What needs to be done ->
Return exactly the span of lines in the following data that opens with the line containing "Coraz niższy odsetek" and closes with the line containing "缺牙恐致鄰近齒蛀牙！牙醫盤點4招及時處理". Include nothing else.

Raw data ->

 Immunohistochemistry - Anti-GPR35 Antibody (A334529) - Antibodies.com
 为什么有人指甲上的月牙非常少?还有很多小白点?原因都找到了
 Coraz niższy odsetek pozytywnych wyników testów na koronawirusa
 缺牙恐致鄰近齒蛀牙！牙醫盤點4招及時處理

--

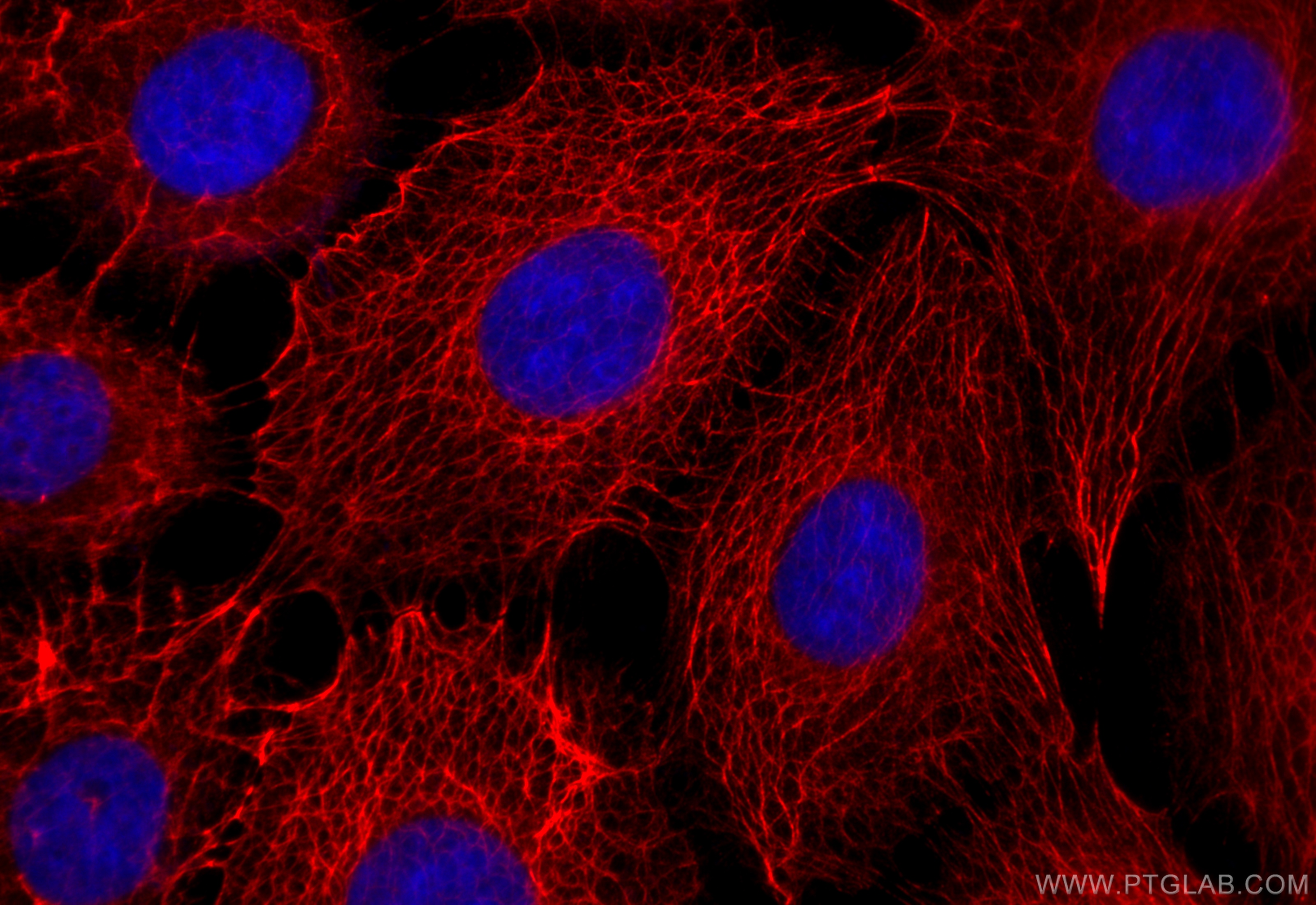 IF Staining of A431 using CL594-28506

Task result ->
 Coraz niższy odsetek pozytywnych wyników testów na koronawirusa
 缺牙恐致鄰近齒蛀牙！牙醫盤點4招及時處理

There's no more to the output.